*Work request:*
Starting with the line that contains "naomi_king — 51" and stopping after the line that contains "NOLLEY'S goodman「【DANTON/ダントン】FLAT VISOR", return each line below exactly as written, with no others.

*Input records:*
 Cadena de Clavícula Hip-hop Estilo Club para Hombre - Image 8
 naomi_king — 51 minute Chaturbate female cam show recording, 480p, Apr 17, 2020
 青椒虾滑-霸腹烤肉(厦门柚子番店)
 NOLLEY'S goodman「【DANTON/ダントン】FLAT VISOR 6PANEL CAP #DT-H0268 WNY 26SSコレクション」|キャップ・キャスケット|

---

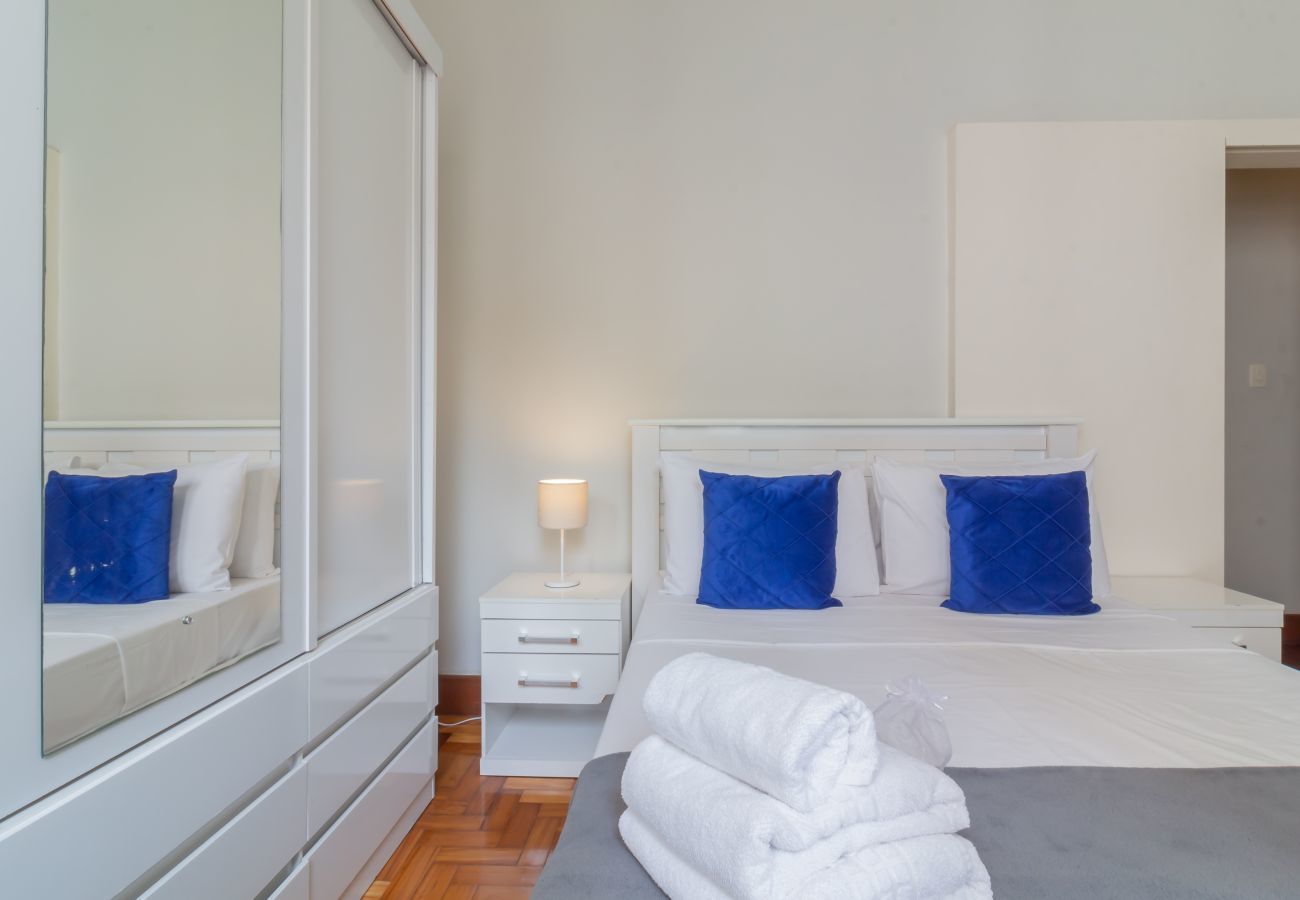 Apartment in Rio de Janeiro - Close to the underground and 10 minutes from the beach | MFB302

==

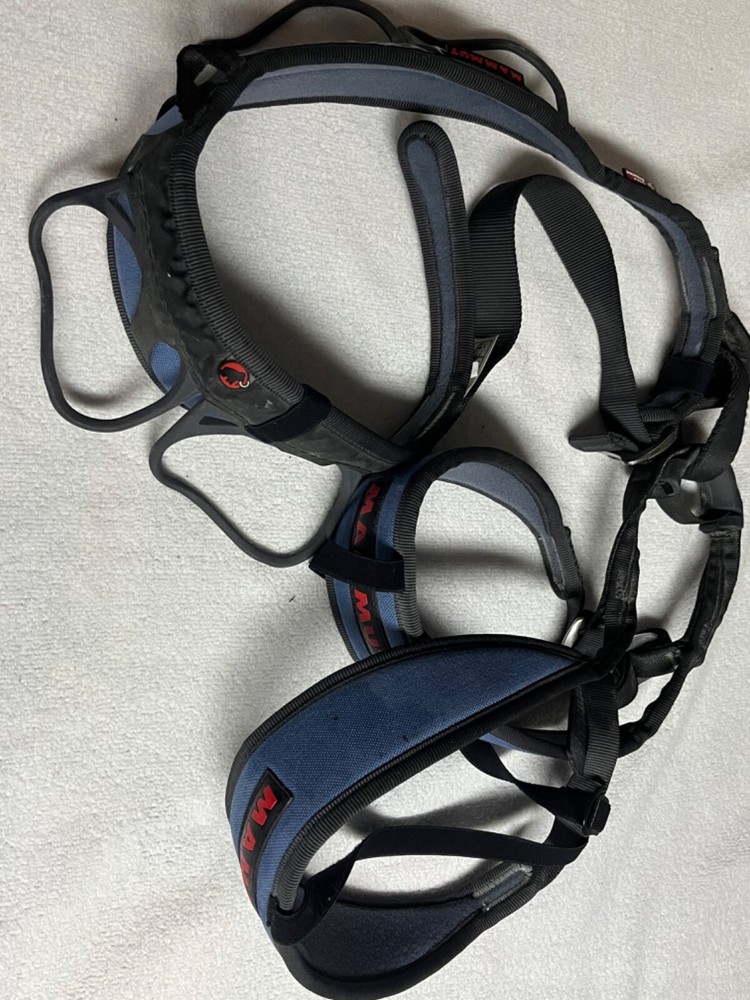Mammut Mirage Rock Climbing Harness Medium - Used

*Answer box:*
 naomi_king — 51 minute Chaturbate female cam show recording, 480p, Apr 17, 2020
 青椒虾滑-霸腹烤肉(厦门柚子番店)
 NOLLEY'S goodman「【DANTON/ダントン】FLAT VISOR 6PANEL CAP #DT-H0268 WNY 26SSコレクション」|キャップ・キャスケット|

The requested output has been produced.